EL MERODEADOR

Sorprendidos de que a esas horas de la noche llamaran a la puerta, los viejos se quedaron inmóviles mirando a la nada, esperando a que los golpes se repitieran. El viejo, como para no quebrar el silencio, dejó el libro en la mesita de luz con extremo cuidado y la vieja, imitándolo, apartó el tejido preparándose a lo insospechado.
Aún no se acostumbraban a la visita de los merodeadores que se acercaban bajando por el camino ripioso algunas veces y otras atravesando el bosque. Sólo una vez, recordaban, alguien había hecho el amago de franquear la puerta, pero nunca nadie la había traspasado tal vez temerosos de ver la casa tan oscura por los ventanales tapiados desde hacía tanto tiempo, desde que habían decidido no habitar más la planta baja, conformándose con el cuarto de arriba, con la salamandra y la tetera siempre lista para el té, con los libros arrumbados a un rincón y con las madejas de lana atiborrando el cajón de la cómoda.
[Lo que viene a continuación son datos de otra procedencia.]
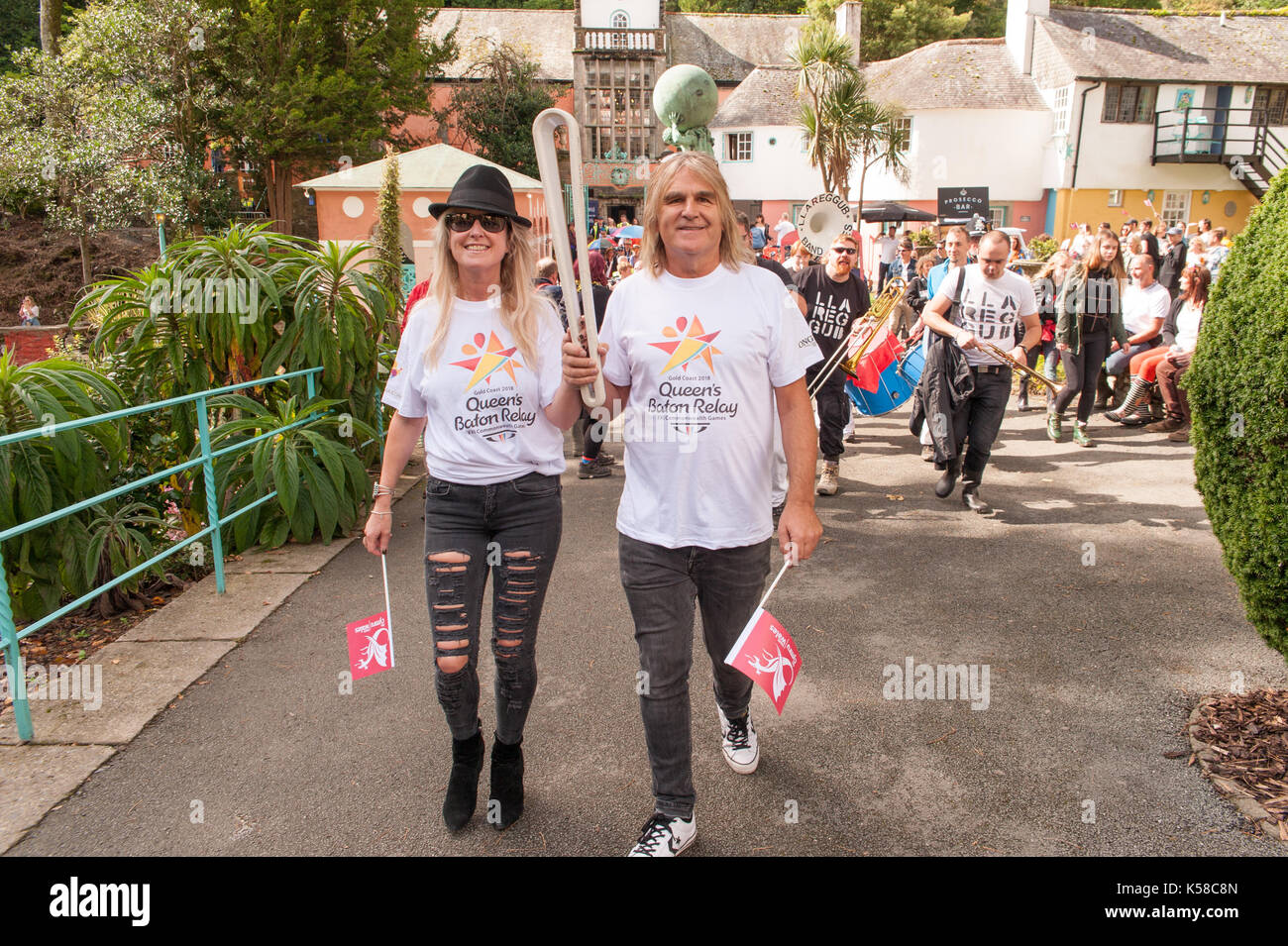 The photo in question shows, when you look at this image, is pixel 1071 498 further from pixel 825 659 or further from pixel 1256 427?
pixel 1256 427

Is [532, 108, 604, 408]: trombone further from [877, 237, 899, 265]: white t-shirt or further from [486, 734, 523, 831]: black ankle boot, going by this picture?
[877, 237, 899, 265]: white t-shirt

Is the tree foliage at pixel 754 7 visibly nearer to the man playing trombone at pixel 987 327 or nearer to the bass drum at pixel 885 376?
the bass drum at pixel 885 376

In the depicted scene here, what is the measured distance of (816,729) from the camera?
391cm

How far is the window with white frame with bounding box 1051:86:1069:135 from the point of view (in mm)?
33062

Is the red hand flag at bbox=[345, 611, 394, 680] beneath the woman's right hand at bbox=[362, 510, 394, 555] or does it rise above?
beneath

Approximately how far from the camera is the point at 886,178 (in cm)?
3703

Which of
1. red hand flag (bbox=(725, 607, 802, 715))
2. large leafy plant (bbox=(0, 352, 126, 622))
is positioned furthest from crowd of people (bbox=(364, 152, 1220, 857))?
large leafy plant (bbox=(0, 352, 126, 622))

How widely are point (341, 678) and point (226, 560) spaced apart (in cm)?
218

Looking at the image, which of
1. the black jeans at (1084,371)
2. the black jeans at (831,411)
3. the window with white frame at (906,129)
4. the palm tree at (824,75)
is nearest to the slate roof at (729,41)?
the window with white frame at (906,129)

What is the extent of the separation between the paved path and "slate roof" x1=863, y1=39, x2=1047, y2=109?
31694 mm

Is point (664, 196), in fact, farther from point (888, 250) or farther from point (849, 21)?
point (849, 21)

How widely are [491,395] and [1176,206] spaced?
38523 mm

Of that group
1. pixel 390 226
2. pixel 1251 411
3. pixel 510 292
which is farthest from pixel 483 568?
pixel 390 226

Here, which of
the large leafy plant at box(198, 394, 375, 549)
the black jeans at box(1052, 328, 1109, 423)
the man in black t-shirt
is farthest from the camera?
the black jeans at box(1052, 328, 1109, 423) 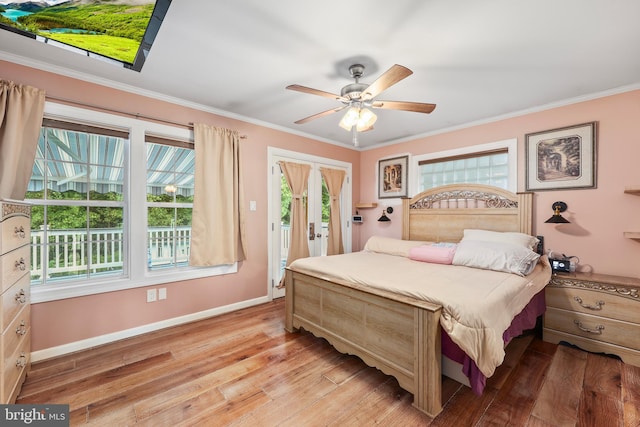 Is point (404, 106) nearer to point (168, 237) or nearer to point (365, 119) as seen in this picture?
point (365, 119)

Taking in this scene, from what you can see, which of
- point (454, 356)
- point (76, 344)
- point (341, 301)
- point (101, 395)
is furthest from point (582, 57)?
point (76, 344)

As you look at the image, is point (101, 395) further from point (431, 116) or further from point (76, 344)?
point (431, 116)

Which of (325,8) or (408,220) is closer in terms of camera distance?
(325,8)

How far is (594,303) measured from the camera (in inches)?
95.6

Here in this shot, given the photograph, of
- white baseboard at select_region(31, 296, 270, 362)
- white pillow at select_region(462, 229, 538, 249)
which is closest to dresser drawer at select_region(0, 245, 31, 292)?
white baseboard at select_region(31, 296, 270, 362)

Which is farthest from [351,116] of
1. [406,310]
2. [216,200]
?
[216,200]

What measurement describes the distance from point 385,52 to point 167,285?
121 inches

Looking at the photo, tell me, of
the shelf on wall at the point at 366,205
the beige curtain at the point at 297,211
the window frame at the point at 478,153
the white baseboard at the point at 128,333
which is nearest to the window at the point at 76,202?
the white baseboard at the point at 128,333

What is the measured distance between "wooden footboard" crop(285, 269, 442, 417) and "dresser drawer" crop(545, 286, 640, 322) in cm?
179

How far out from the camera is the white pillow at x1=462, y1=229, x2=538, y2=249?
2.83m

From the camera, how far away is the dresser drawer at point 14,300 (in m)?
1.52

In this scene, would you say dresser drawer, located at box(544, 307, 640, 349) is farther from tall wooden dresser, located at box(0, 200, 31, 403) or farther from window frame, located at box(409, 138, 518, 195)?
tall wooden dresser, located at box(0, 200, 31, 403)

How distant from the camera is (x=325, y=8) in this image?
1636mm

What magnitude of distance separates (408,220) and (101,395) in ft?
12.4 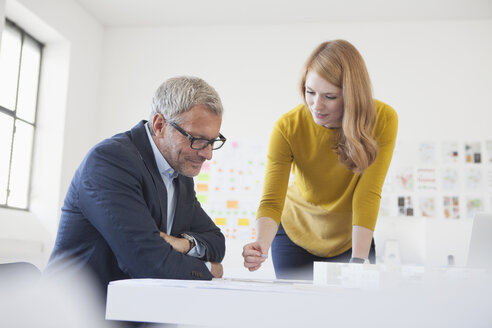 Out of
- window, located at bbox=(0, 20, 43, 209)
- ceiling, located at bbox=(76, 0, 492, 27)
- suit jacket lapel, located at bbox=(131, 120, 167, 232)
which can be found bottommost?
suit jacket lapel, located at bbox=(131, 120, 167, 232)

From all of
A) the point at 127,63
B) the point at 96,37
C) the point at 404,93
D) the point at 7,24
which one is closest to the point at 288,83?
the point at 404,93

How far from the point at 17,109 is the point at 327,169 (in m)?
3.21

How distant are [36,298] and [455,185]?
13.0 feet

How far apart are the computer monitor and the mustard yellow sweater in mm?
374

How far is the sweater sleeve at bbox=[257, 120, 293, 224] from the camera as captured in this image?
175 centimetres

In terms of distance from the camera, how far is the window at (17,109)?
3.95 m

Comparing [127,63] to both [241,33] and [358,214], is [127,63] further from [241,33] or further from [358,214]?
[358,214]

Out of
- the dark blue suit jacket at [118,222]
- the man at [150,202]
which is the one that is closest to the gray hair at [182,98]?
the man at [150,202]

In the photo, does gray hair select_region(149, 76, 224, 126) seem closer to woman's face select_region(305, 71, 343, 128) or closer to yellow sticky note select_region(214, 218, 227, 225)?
woman's face select_region(305, 71, 343, 128)

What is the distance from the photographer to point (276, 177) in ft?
5.76

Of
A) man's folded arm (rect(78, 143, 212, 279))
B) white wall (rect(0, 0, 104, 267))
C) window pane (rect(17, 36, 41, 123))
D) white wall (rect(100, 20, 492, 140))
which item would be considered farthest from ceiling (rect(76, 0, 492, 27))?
man's folded arm (rect(78, 143, 212, 279))

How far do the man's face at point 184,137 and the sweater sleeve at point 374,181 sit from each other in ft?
1.71

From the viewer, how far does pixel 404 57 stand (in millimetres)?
4559

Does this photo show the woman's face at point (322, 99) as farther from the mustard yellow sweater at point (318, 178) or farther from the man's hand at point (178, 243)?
the man's hand at point (178, 243) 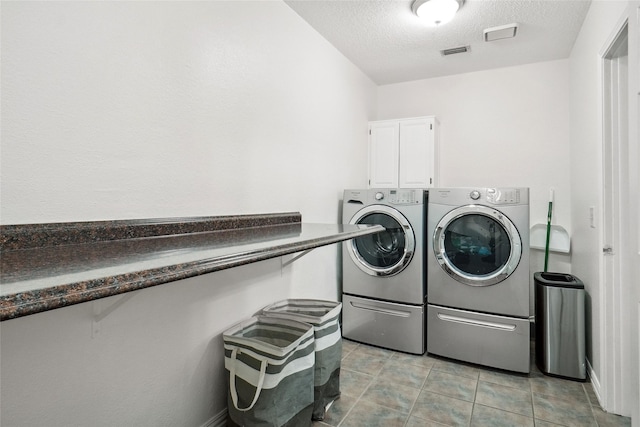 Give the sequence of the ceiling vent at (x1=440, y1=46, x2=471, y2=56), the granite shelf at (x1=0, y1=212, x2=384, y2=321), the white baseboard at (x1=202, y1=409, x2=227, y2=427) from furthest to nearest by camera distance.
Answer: the ceiling vent at (x1=440, y1=46, x2=471, y2=56), the white baseboard at (x1=202, y1=409, x2=227, y2=427), the granite shelf at (x1=0, y1=212, x2=384, y2=321)

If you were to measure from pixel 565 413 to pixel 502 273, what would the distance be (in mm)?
Answer: 871

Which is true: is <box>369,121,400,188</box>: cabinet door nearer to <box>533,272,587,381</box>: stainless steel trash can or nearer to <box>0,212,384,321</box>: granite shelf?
<box>533,272,587,381</box>: stainless steel trash can

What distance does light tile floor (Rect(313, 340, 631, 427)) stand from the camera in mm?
1845

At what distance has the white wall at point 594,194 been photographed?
1834 millimetres

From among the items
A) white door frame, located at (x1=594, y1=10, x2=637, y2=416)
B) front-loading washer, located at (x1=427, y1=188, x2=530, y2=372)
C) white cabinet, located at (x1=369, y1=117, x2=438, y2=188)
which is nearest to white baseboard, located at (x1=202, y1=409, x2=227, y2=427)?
front-loading washer, located at (x1=427, y1=188, x2=530, y2=372)

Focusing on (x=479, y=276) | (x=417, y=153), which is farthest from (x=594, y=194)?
(x=417, y=153)

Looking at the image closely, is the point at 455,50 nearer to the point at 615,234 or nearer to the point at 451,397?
the point at 615,234

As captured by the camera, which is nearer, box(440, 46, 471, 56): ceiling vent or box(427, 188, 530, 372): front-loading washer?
box(427, 188, 530, 372): front-loading washer

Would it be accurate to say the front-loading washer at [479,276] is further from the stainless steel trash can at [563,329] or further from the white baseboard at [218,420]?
the white baseboard at [218,420]

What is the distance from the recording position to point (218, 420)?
5.71 ft

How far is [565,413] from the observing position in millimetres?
1913

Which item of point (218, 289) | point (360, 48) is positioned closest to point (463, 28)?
point (360, 48)

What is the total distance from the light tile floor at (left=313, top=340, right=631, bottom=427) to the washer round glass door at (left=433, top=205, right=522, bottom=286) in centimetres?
68

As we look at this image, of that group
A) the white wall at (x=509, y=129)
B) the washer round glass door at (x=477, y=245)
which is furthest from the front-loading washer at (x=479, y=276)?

Pero ésa noche había de ser distinta porque tras el crujir de la puerta que se abría lentamente oyeron por primera vez unos pasos. Quietos, aguardaron esforzándose por seguir el rumbo de las pisadas, y supusieron que hurgueteaba en los cajones del escritorio o en la despensa de la cocina. Porque ya no estaban seguros del lugar exacto de las habitaciones de la casa.

Quien allí abajo andaba no temía y lo lamentaron mirándose por primera vez con cierto dejo de tristeza porque las pisadas subían, y el secreto que era para uno o quizá para el otro comenzaba a develarse con aquel hombre de pie frente a la puerta, con el brillo de la vida pegado a los ojos observando con el corazón quieto el ático vacío.